Records shown:
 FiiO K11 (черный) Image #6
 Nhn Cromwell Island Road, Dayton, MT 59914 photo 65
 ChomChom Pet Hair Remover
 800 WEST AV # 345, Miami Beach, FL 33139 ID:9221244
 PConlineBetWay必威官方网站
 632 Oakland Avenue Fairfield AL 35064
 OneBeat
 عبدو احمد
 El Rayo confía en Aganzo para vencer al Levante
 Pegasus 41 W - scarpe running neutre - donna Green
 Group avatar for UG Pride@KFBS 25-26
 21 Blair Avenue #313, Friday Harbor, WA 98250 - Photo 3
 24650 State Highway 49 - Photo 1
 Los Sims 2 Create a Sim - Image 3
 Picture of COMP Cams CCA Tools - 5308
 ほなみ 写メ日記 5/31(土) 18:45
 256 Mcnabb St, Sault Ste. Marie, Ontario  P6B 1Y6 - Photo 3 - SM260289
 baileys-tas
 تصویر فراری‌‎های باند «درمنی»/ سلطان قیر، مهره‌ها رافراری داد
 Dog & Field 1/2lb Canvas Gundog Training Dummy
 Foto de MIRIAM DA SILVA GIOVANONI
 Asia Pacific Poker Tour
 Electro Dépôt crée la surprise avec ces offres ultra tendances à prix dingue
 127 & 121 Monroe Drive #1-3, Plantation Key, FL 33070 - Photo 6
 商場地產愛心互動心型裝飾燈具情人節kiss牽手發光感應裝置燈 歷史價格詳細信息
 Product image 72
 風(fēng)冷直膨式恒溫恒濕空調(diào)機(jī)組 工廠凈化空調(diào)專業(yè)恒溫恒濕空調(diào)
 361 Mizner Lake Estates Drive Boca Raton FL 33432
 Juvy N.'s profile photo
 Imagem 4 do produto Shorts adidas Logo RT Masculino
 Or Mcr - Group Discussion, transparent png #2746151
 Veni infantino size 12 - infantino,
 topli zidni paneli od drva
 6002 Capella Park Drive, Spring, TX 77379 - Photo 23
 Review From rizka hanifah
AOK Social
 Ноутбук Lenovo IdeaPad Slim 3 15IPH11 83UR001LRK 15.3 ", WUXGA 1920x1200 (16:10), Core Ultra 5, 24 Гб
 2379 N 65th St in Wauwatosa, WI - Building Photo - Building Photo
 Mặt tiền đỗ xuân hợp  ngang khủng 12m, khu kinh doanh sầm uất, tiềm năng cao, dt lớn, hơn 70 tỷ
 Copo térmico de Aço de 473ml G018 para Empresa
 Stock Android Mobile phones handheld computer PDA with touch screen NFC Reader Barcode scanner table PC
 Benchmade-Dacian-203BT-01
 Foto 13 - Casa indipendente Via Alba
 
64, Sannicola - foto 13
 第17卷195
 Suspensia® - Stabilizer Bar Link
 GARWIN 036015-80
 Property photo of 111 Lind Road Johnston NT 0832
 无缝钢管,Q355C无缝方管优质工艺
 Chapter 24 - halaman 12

What the exercise asks: Lines from the beginning of the data above through the line containing "Asia Pacific Poker Tour" are to be returned exactly, and no others.

Result:
 FiiO K11 (черный) Image #6
 Nhn Cromwell Island Road, Dayton, MT 59914 photo 65
 ChomChom Pet Hair Remover
 800 WEST AV # 345, Miami Beach, FL 33139 ID:9221244
 PConlineBetWay必威官方网站
 632 Oakland Avenue Fairfield AL 35064
 OneBeat
 عبدو احمد
 El Rayo confía en Aganzo para vencer al Levante
 Pegasus 41 W - scarpe running neutre - donna Green
 Group avatar for UG Pride@KFBS 25-26
 21 Blair Avenue #313, Friday Harbor, WA 98250 - Photo 3
 24650 State Highway 49 - Photo 1
 Los Sims 2 Create a Sim - Image 3
 Picture of COMP Cams CCA Tools - 5308
 ほなみ 写メ日記 5/31(土) 18:45
 256 Mcnabb St, Sault Ste. Marie, Ontario  P6B 1Y6 - Photo 3 - SM260289
 baileys-tas
 تصویر فراری‌‎های باند «درمنی»/ سلطان قیر، مهره‌ها رافراری داد
 Dog & Field 1/2lb Canvas Gundog Training Dummy
 Foto de MIRIAM DA SILVA GIOVANONI
 Asia Pacific Poker Tour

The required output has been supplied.